For technical reasons, no first world nations have so far been forced to fight foreigners waging a LIC on their own territory. The notion that superior weaponry in itself can prevail was proven wrong in many instances (US in Lebanon, SU in Afghanistan etc.). However, the Western nations might be constrained by "democratic traditions" and "humanitariansm", which cannot be said for example for the Vietnamese in Cambodia. It might also be argued that the "conquering distance" in LICs was relatively high. Yet, in the past, this did not stop the Spanish from conquering America, for example. Moreover, proximity did not give the Vietnamese in Cambodia, the Soviets in Afghanistan or the Israelis the upper hand.
"In fact, there are solid military reasons why modern regular forces are all but useless for fighting what is fast becoming the dominant form of war in our age.

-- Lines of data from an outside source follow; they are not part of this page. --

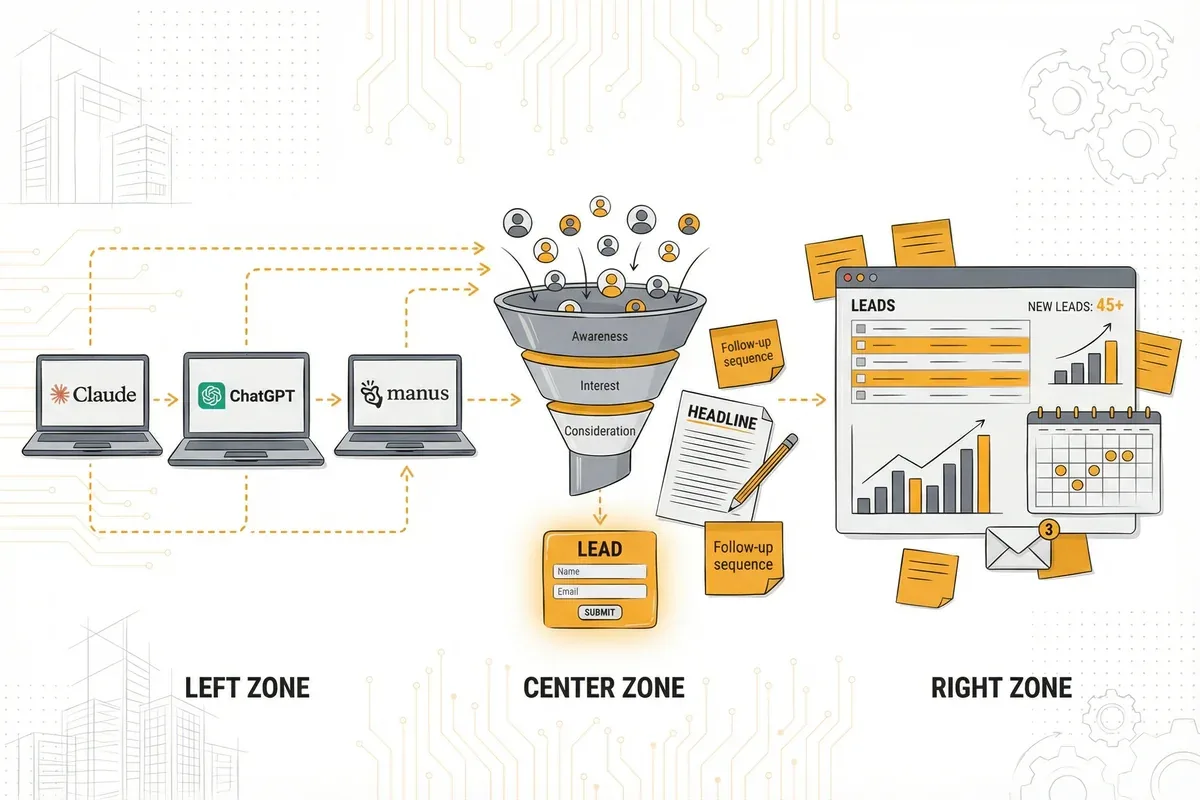 AI lead generation workflow showing Claude, ChatGPT, and Manus connecting to a conversion funnel and lead dashboard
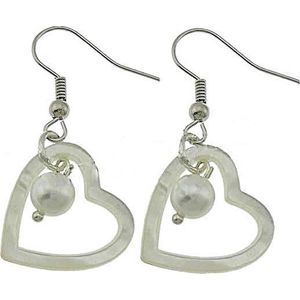 Zoetwater parel oorbellen met parelmoer Pearl Heart Shell - oorhangers - echte parels - sterling zilver (925) - wit - hart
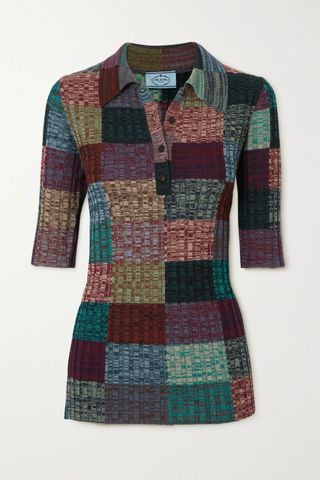 Prada + Patchwork Ribbed Wool and Silk-Blend Top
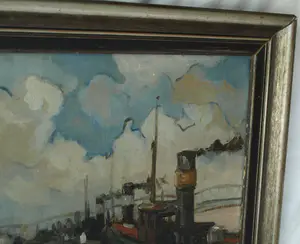 Niet of onleesbaar gesigneerd - Olieverf op doek , Aan de kade - ingelijst kopen? Bied vanaf 1!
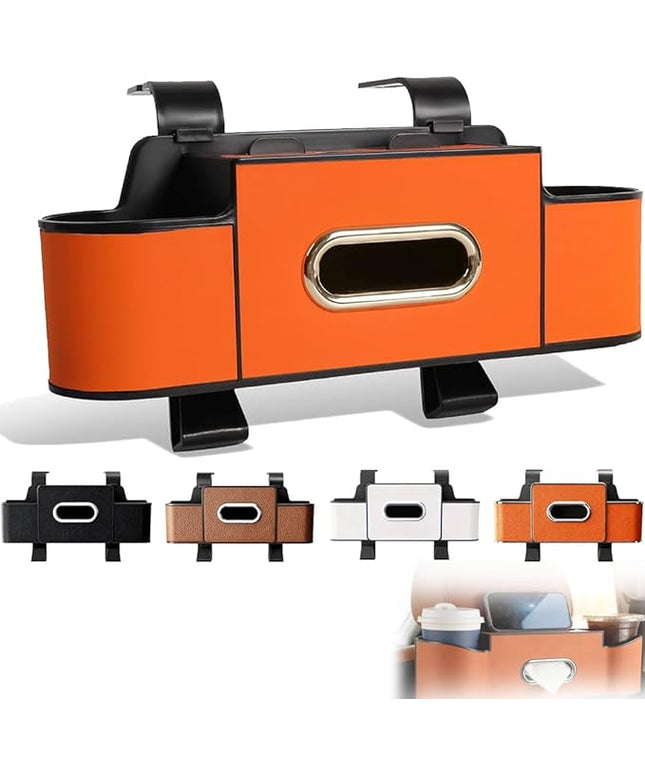 Car Organizers and Storage Box,3-in-1 Car Backseat Organizer,Multifunctional Car Seat Back Storage Box,Car Breeze Organizer with Cup Holder,Tissue Box&Hooks,Keep Your Ride Clean Organized (Orange)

Perhaps the most important reason is to look after the technology on which these forces depend; between maintenance and logistics and sheer administration this ensures that the number of troops in their "tails" will be far too large and the number in the fighting "teeth" far too small."
"A special chapter in the failure of conventional forces is formed by their weapon systems. ... Thus, modern weapon systems are all becoming dependent on electronics... However, the more complicated the surroundings, the greater the problems (examples: rafts installed in the Persian Gulf close to oil installations to distract Iranian missiles)" Hence, Van Crefeld notes that Israel was easily able to win complete command of the air against the Syrians in 1982, but it ultimately failed when it came to controlling the densely populated areas of Lebanon.
The period in history in which war was characterised by a "trinity of government/state, army and people" is a brief one. Van Crefeld goes on to explain at length and by the means of historical examples, why the concept of trinitarian war only applies to modern times. In short, there was previously either no state, no single army or no unified people. Now trinitarian war is disappearing again.
"Though decolonization is now all but complete, low-intensity conflict has not been interrupted in its march of conquest. Even today it is tearing to pieces many developing countries from Colombia to the Philippines. Much of this work is the work of ragtag bands of ruffians... Nor is there any reason to think that the comparatively small number of developed countries can continue to enjoy immunity forever. On numerous occasions in the past their embassies have been attacked, their ships hijacked, their aircraft bombed out of the sky... To make matters worse, many developed countries now contain sizeable minorities..."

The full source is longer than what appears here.